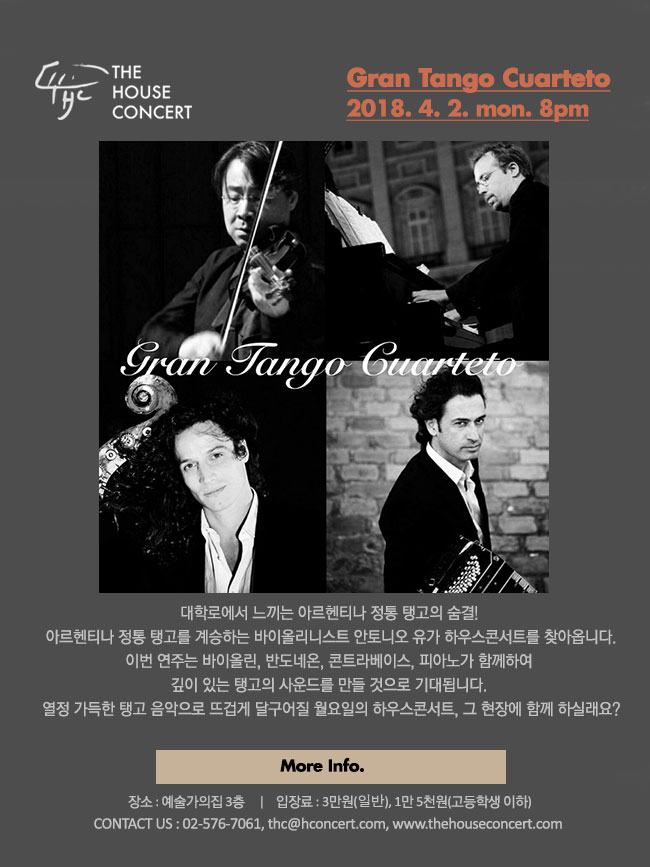 4월 2일 4.2 더하우스콘서트 : Gran Tango Cuarteto 대학로에서 느끼는 아르헨티나 정통 탱고의 숨결! 아르헨티나 정통 탱고를 계승하는 한국인 바이올리니스트 안토니오 유가 대학로 하우스콘서트를 찾아옵니다. 안토니오 유는 한국인으로서는 드물게 탱고의 본고장 아르헨티나의 부에노스 아이레스에서 오랜 시간 탱고의 대가들과 함께 연주활동을 해 왔습니다. 이번 하우스콘서트에서는 콰르텟의 구성으로, 유럽에서 활동하는 프랑스, 아르헨티나, 벨기에의 탱고 마에스트로들과 함께 탱고 음악의 진수를 들려 줄 예정입니다. 바이올린, 반도네온, 콘트라베이스, 피아노가 함께하여 깊이 있는 탱고의 사운드를 감상할 수 있는 무대! 열정 가득한 탱고 음악으로 뜨겁게 달구어질 월요일의 하우스콘서트, 그 현장에 함께 하실래요? 
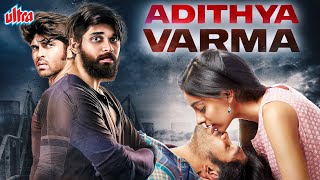 Adithya Varma  New Full Hindi Dubbed Movie  Remake of Arjun Reddy Movie  Dhruv Vikram [upl. by Reginnej451]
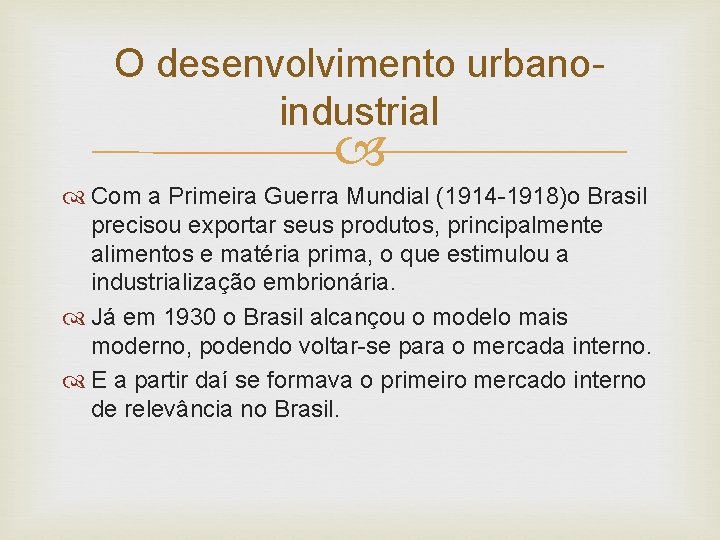 O desenvolvimento urbanoindustrial Com a Primeira Guerra Mundial (1914 -1918)o Brasil precisou exportar seus
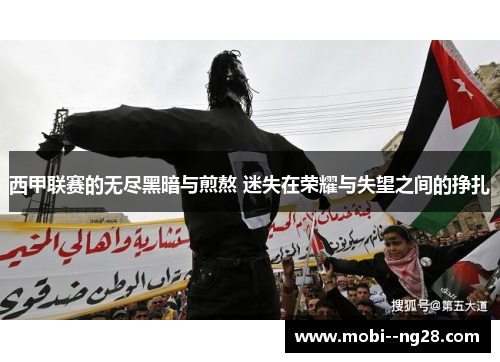 西甲联赛的无尽黑暗与煎熬 迷失在荣耀与失望之间的挣扎 西甲联赛的无尽黑暗与煎熬 迷失在荣耀与失望之间的挣扎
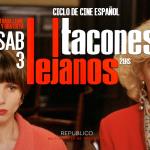Ciclo de Cine y Cena Español - Tacones Lejanos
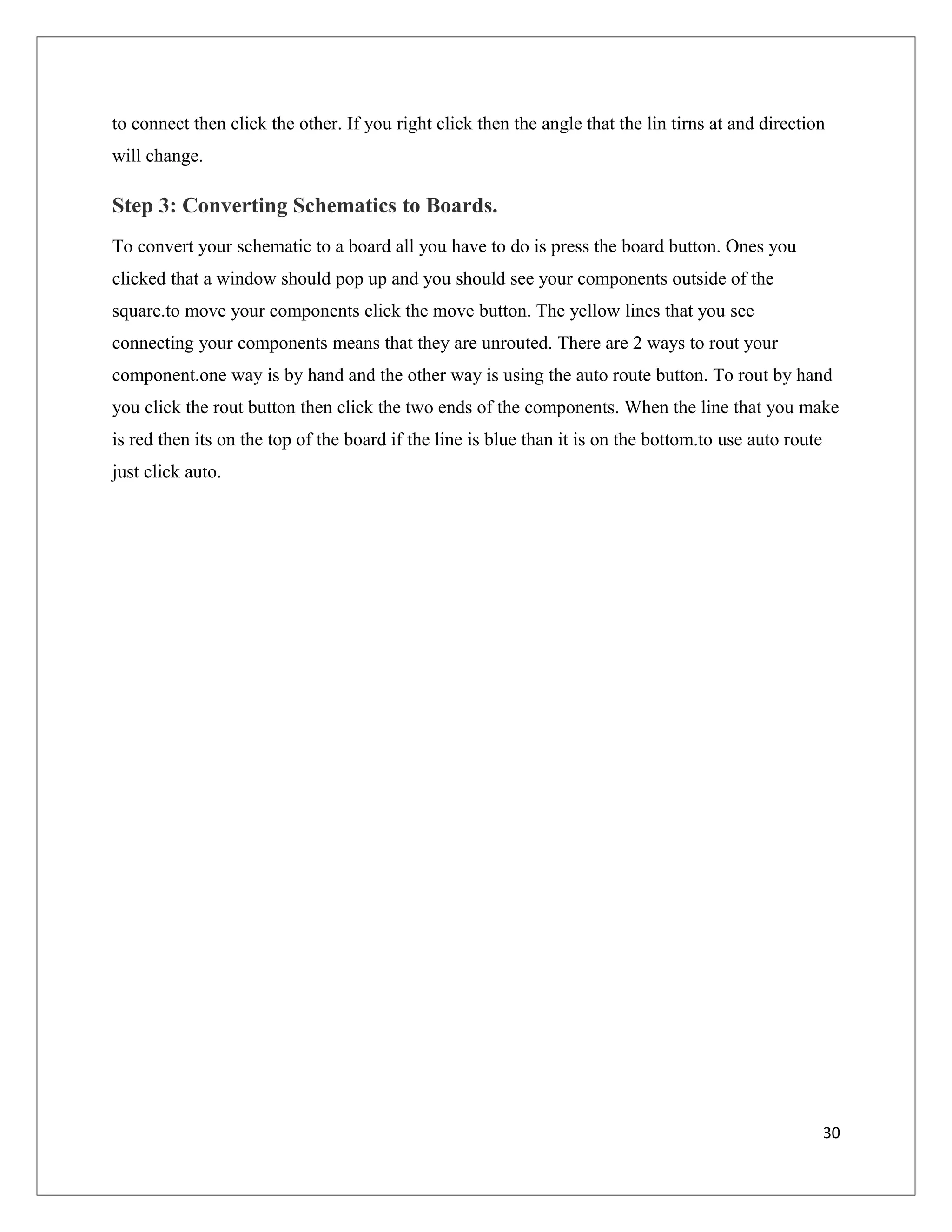 to connect then click the other. If you right click then the angle that the lin tirns at and direction
will change.
Step 3: Converting Schematics to Boards.
To convert your schematic to a board all you have to do is press the board button. Ones you
clicked that a window should pop up and you should see your components outside of the
square.to move your components click the move button. The yellow lines that you see
connecting your components means that they are unrouted. There are 2 ways to rout your
component.one way is by hand and the other way is using the auto route button. To rout by hand
you click the rout button then click the two ends of the components. When the line that you make
is red then its on the top of the board if the line is blue than it is on the bottom.to use auto route
just click auto.
30
 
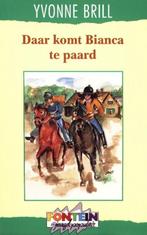 Daar komt Bianca te paard - Yvonne Brill.  Bianca en haar v, Verzenden, Gelezen, Yvonne Brill.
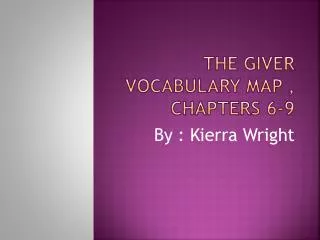 The giver Vocabulary Map , chapters 6-9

------------------------

:: What the task requires ::
The data needs to be reproduced exactly, please, apart from its pictures.

:: Result ::
 4월 2일 4.2 더하우스콘서트 : Gran Tango Cuarteto 대학로에서 느끼는 아르헨티나 정통 탱고의 숨결! 아르헨티나 정통 탱고를 계승하는 한국인 바이올리니스트 안토니오 유가 대학로 하우스콘서트를 찾아옵니다. 안토니오 유는 한국인으로서는 드물게 탱고의 본고장 아르헨티나의 부에노스 아이레스에서 오랜 시간 탱고의 대가들과 함께 연주활동을 해 왔습니다. 이번 하우스콘서트에서는 콰르텟의 구성으로, 유럽에서 활동하는 프랑스, 아르헨티나, 벨기에의 탱고 마에스트로들과 함께 탱고 음악의 진수를 들려 줄 예정입니다. 바이올린, 반도네온, 콘트라베이스, 피아노가 함께하여 깊이 있는 탱고의 사운드를 감상할 수 있는 무대! 열정 가득한 탱고 음악으로 뜨겁게 달구어질 월요일의 하우스콘서트, 그 현장에 함께 하실래요? 
 Adithya Varma  New Full Hindi Dubbed Movie  Remake of Arjun Reddy Movie  Dhruv Vikram [upl. by Reginnej451]
 O desenvolvimento urbanoindustrial Com a Primeira Guerra Mundial (1914 -1918)o Brasil precisou exportar seus
 西甲联赛的无尽黑暗与煎熬 迷失在荣耀与失望之间的挣扎 西甲联赛的无尽黑暗与煎熬 迷失在荣耀与失望之间的挣扎
Ciclo de Cine y Cena Español - Tacones Lejanos
 to connect then click the other. If you right click then the angle that the lin tirns at and direction
will change.
Step 3: Converting Schematics to Boards.
To convert your schematic to a board all you have to do is press the board button. Ones you
clicked that a window should pop up and you should see your components outside of the
square.to move your components click the move button. The yellow lines that you see
connecting your components means that they are unrouted. There are 2 ways to rout your
component.one way is by hand and the other way is using the auto route button. To rout by hand
you click the rout button then click the two ends of the components. When the line that you make
is red then its on the top of the board if the line is blue than it is on the bottom.to use auto route
just click auto.
30
 
 Daar komt Bianca te paard - Yvonne Brill.  Bianca en haar v, Verzenden, Gelezen, Yvonne Brill.
 The giver Vocabulary Map , chapters 6-9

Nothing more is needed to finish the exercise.